Et des problèmes préexistants, l’Argentine en dénombre quelques-uns. En récession depuis avril 2018 et sous perfusion du FMI, le pays n’a plus accès aux marchés internationaux. Depuis la mi-mars, les voyants, déjà très négatifs, ont viré au rouge pour l’économie argentine : industries paralysées, confinement total de la population jusque fin avril, yo-yo des marchés mondiaux des matières primaires couplés à une crise pétrolière. Le risque pays, mesuré par JP Morgan, atteint une valeur de 4 519 points, son plus haut niveau depuis 15 ans.
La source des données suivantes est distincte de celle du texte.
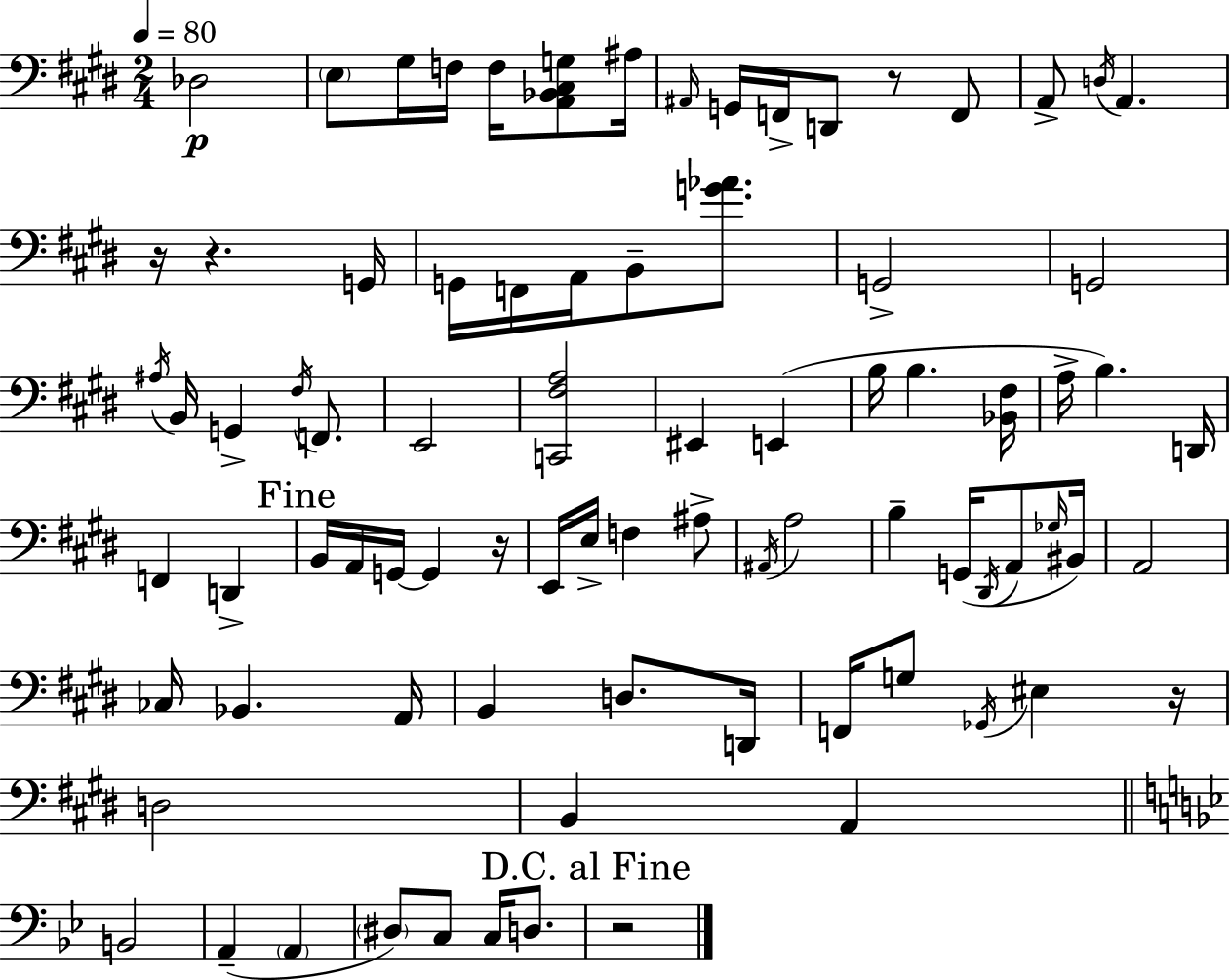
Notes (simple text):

Db3/h E3/e G#3/s F3/s F3/s [A2,Bb2,C#3,G3]/e A#3/s A#2/s G2/s F2/s D2/e R/e F2/e A2/e D3/s A2/q. R/s R/q. G2/s G2/s F2/s A2/s B2/e [G4,Ab4]/e. G2/h G2/h A#3/s B2/s G2/q F#3/s F2/e. E2/h [C2,F#3,A3]/h EIS2/q E2/q B3/s B3/q. [Bb2,F#3]/s A3/s B3/q. D2/s F2/q D2/q B2/s A2/s G2/s G2/q R/s E2/s E3/s F3/q A#3/e A#2/s A3/h B3/q G2/s D#2/s A2/e Gb3/s BIS2/s A2/h CES3/s Bb2/q. A2/s B2/q D3/e. D2/s F2/s G3/e Gb2/s EIS3/q R/s D3/h B2/q A2/q B2/h A2/q A2/q D#3/e C3/e C3/s D3/e. R/h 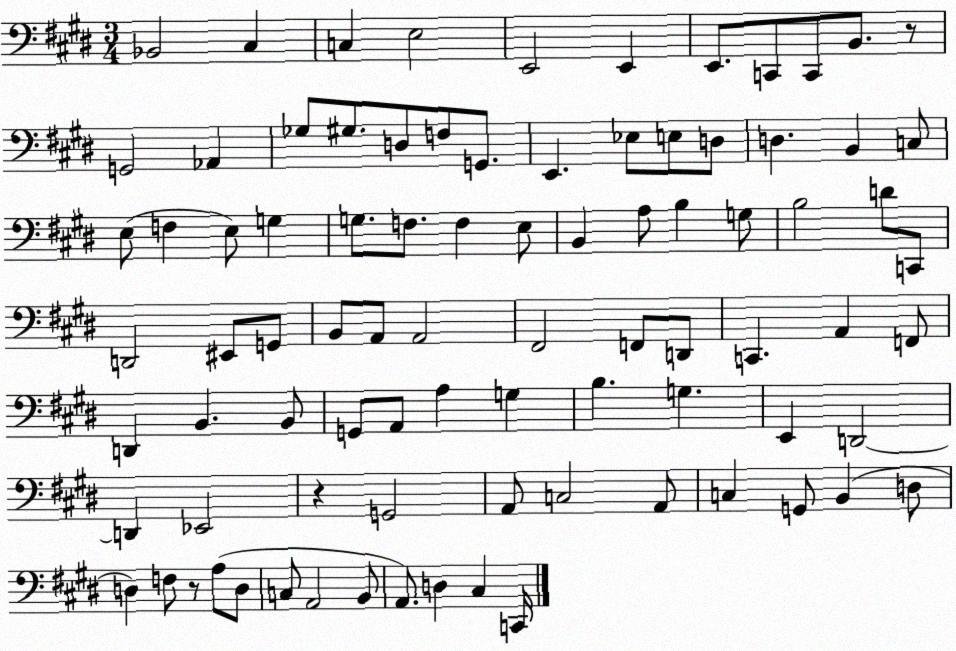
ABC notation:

X:1
T:Untitled
M:3/4
L:1/4
K:E
_B,,2 ^C, C, E,2 E,,2 E,, E,,/2 C,,/2 C,,/2 B,,/2 z/2 G,,2 _A,, _G,/2 ^G,/2 D,/2 F,/2 G,,/2 E,, _E,/2 E,/2 D,/2 D, B,, C,/2 E,/2 F, E,/2 G, G,/2 F,/2 F, E,/2 B,, A,/2 B, G,/2 B,2 D/2 C,,/2 D,,2 ^E,,/2 G,,/2 B,,/2 A,,/2 A,,2 ^F,,2 F,,/2 D,,/2 C,, A,, F,,/2 D,, B,, B,,/2 G,,/2 A,,/2 A, G, B, G, E,, D,,2 D,, _E,,2 z G,,2 A,,/2 C,2 A,,/2 C, G,,/2 B,, D,/2 D, F,/2 z/2 A,/2 D,/2 C,/2 A,,2 B,,/2 A,,/2 D, ^C, C,,/4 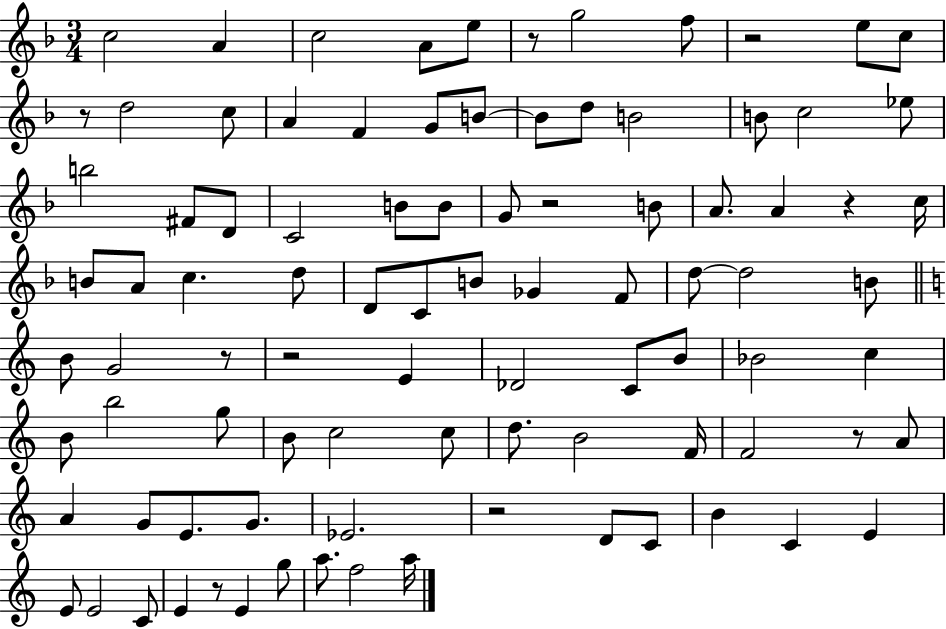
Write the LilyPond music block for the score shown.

{
  \clef treble
  \numericTimeSignature
  \time 3/4
  \key f \major
  \repeat volta 2 { c''2 a'4 | c''2 a'8 e''8 | r8 g''2 f''8 | r2 e''8 c''8 | \break r8 d''2 c''8 | a'4 f'4 g'8 b'8~~ | b'8 d''8 b'2 | b'8 c''2 ees''8 | \break b''2 fis'8 d'8 | c'2 b'8 b'8 | g'8 r2 b'8 | a'8. a'4 r4 c''16 | \break b'8 a'8 c''4. d''8 | d'8 c'8 b'8 ges'4 f'8 | d''8~~ d''2 b'8 | \bar "||" \break \key c \major b'8 g'2 r8 | r2 e'4 | des'2 c'8 b'8 | bes'2 c''4 | \break b'8 b''2 g''8 | b'8 c''2 c''8 | d''8. b'2 f'16 | f'2 r8 a'8 | \break a'4 g'8 e'8. g'8. | ees'2. | r2 d'8 c'8 | b'4 c'4 e'4 | \break e'8 e'2 c'8 | e'4 r8 e'4 g''8 | a''8. f''2 a''16 | } \bar "|."
} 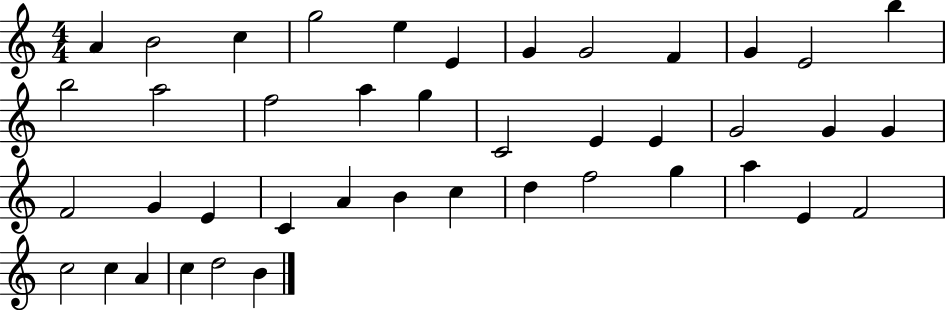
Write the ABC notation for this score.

X:1
T:Untitled
M:4/4
L:1/4
K:C
A B2 c g2 e E G G2 F G E2 b b2 a2 f2 a g C2 E E G2 G G F2 G E C A B c d f2 g a E F2 c2 c A c d2 B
Concrètement, cela signifie que les intérêts que la Banque centrale argentine devrait payer pour obtenir des prêts seraient proches de 40 %. De plus, le pays connaissant des taux d’inflation délirants depuis quelques années (l’inflation annuelle en Argentine est de 47 %), son gouvernement, en manque de liquidités, se retrouve dans l’impossibilité d’activer la planche à billets qui ne ferait qu’encore alimenter cette inflation galopante.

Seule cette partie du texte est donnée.